The repo uses the neuralset and neuraltrain libraries (also from Meta FAIR) for data loading and training infrastructure.
Dataset
The SpanishBCBL dataset (v1, 19 participants) is being released by the Basque Center on Cognition, Brain and Language (BCBL). The EnglishBCBL dataset (v2, 9 participants, 22,000 sentences, ~90 hours) has a separate release timeline — check the repo README for updates.
If you have your own MEG data in a delayed-typing paradigm, preprocessing steps are:
Bandpass filter: 0.5–45 Hz, notch at 50 Hz
Downsample to 100 Hz
Per-channel RobustScaler normalization (median and IQR per recording)
Clamp values exceeding ±5 robust standard deviations
The decoder outputs the most likely sentence for each continuous MEG segment. With beam size 16 and a Qwen3-4B backbone, inference takes a few seconds per sentence on a single GPU.
Key Config Tips
Use label smoothing 0.02 on the LLM cross-entropy loss — the biggest single gain found by the Auto Research agents
Enable modality dropout (rate 0.1) on both CTC tokens and MEG tokens during LLM training
Set LoRA targets to all linear projections (not just attention) for the best Model Soup scaling
For the full hyperparameter grid and ablation configs, refer to configs/ in the repository.
The paper's scaling law result is the most important long-term signal. With no saturation at 90 hours of data per 9 subjects, there is a direct lever: record more data from more subjects and performance will continue to improve log-linearly. If that trend holds into the hundreds of hours range, the gap with invasive BCIs may start to close materially.

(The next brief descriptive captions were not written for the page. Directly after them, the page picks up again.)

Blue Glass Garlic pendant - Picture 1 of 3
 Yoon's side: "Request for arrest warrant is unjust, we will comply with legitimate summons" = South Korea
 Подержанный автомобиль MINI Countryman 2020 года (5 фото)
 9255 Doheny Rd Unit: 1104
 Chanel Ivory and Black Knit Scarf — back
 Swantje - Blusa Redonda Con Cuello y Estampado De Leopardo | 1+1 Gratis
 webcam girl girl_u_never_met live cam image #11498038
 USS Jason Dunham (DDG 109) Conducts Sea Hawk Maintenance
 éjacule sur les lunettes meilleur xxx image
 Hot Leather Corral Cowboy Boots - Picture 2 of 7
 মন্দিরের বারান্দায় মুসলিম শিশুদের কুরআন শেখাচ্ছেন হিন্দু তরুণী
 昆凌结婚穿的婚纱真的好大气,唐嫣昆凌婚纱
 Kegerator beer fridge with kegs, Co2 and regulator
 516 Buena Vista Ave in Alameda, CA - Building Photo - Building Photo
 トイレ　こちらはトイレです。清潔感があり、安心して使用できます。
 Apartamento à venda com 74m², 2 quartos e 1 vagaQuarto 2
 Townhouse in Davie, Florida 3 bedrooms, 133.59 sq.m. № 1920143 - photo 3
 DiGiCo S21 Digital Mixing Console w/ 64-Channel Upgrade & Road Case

The path to a clinical device requires:
Demonstrating the approach on patients without motor output for labeled training
Enabling real-time causal decoding
Validating on smaller OPM sensor arrays
Running safety and feasibility studies outside a magnetically shielded laboratory
None of those are easy. But for the first time, non-invasive brain-to-text has crossed a threshold where the research question is no longer "is this possible?" — it is "how much data do we need?"
Statistics and architecture details in this article are accurate as of June 29, 2026, based on the Brain2Qwerty v2 preprint (Zhang, Lévy, et al., June 25, 2026). Performance metrics may improve as training scales and the EnglishBCBL dataset is released publicly.